He doesn’t talk like a Long John Silver “arr matey” pirate. I can usually do voices pretty well (you should hear me do both sides of a Bert and Ernie bit) but Captain Hook is impossible.
A Hans Conreid-esque one. He’s his own man, not beholden to traditions of the British stage.
For that matter, Johnny Depp as Captain Jaxck Sparrow pretty much avoids the “traditional” “Arr-Matey” style, although Geoffrey Rush seems to revel in it.
Put it this way: if a London doper heard someone on the Tube talking like Captain Hook, would they peg him as probably hailing from any particular locale?
I’d say he has a darling voice.
Captain Hook is a refined gentleman. He went to Eton College! (Okay, so it’s for children 13-18 but it’s still fancy!)
The stereotypical “pirate” accent is the Anglo-Cornish dialect.
Or, more to the point, a stagey variation thereof. A lot of seamen came from Cornwall, including some actual pirates.
I heard what you did there.
Maybe so, but I had always assumed that it was Robert Newton’s portrayal of Long John Silver that introduced it to pop culture. Did any movie pirates sound like that before him?
In case there’s any confusion, this is a sample of Captain Hook’s dialogue. Not “arr-matey.”
His accent is that of Dr. Snidely Terwilliger Whiplash (D. Mus), from Baltimore, MD.
Baltimore and NYC.
There’s no confusion on my part. I’m talking about something different from, but related to, the OP’s question. In case you’re confused.
The Pirates of Penzance (1879) isn’t exactly a movie, but it’s certainly pop culture.
Penzance, lest you imagine Mr Gilbert invented it, is the biggest town in Cornwall.
…which would seem to me to indicate that the connection between pirates and the Cornish accent was already established in the 1870s. As I said before, at least some of the famous pirates really were from Cornwall and really did talk in what we non-English people would recognise as pirate-dialect.
I’m the OP, dude, and I think everybody here already knows where the arr-matey accent comes from. Thanks for sharing, though. I’ll remember your technique the next time somebody asks a question where I obviously don’t have an answer but still feel the need to chime in.

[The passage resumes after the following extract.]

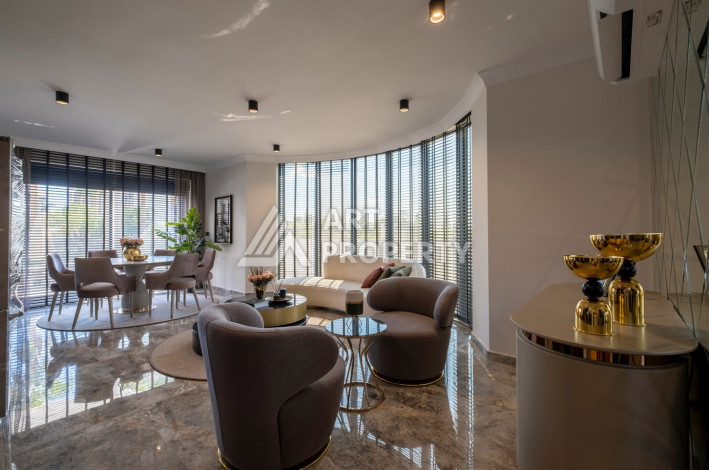 Шикарная вилла в 150 метрах от моря в районе Паяллар - Ракурс 10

The connection between piracy and Cornwall is unquestionable. The connection between piracy and Penzance, however, is facetious. At the time when The Pirates of Penzance; or the Slave of Duty was written, the city was widely known as a cozy resort. This plays right along with certain other aspects of the crew’s behavior that is deliberately un-piratical: eschewing rum for sherry, attacking only stronger parties than themselves, granting immunity to orphans, etc.
Despite an academic background in Linguistics, I had never poked into dialect/accent far beyond Labov until just last year or so. Mainly, I’ve concentrated on American English dialects, specifically Appalachian speech.
This thread opened up a new area of interest. That of dialect/accent in fiction. Disney is so rich for that in the literature it has chosen to present.
I’ve looked at what I could online, and i found this “starter” article in Lexiophiles: http://www.lexiophiles.com/english/the-linguistics-of-disney-what-if-mowgli-spoke-with-a-hindi-accent The parts about power relationships and nationalism are particularly interesting, imo.
The only remarks about Hook’s accent that I can find refer to it being the “standard” London accent, removed in time to some degree to Old English.
Thanks for this thread and the posters above!
P.S. It’s a thread like this that makes me feel like I’ve found the forum for me!
Staff Report on Things Piratical: http://www.straightdope.com/columns/read/2729/why-are-pirates-depicted-with-a-parrot-on-their-shoulder
About the language:
Listen to Wendy’s dad.
I don’t know if Disney got this right, but I just finished reading the book, and Hook not only is an Eton graduate, he’s a pathetic arrested-development Eton boy, to the extent that in his death scene, his internal monologue is all about Good Form Eton-style. Hopefully Disney was able to get an Eton accent for Hook, given how important his school was to his character.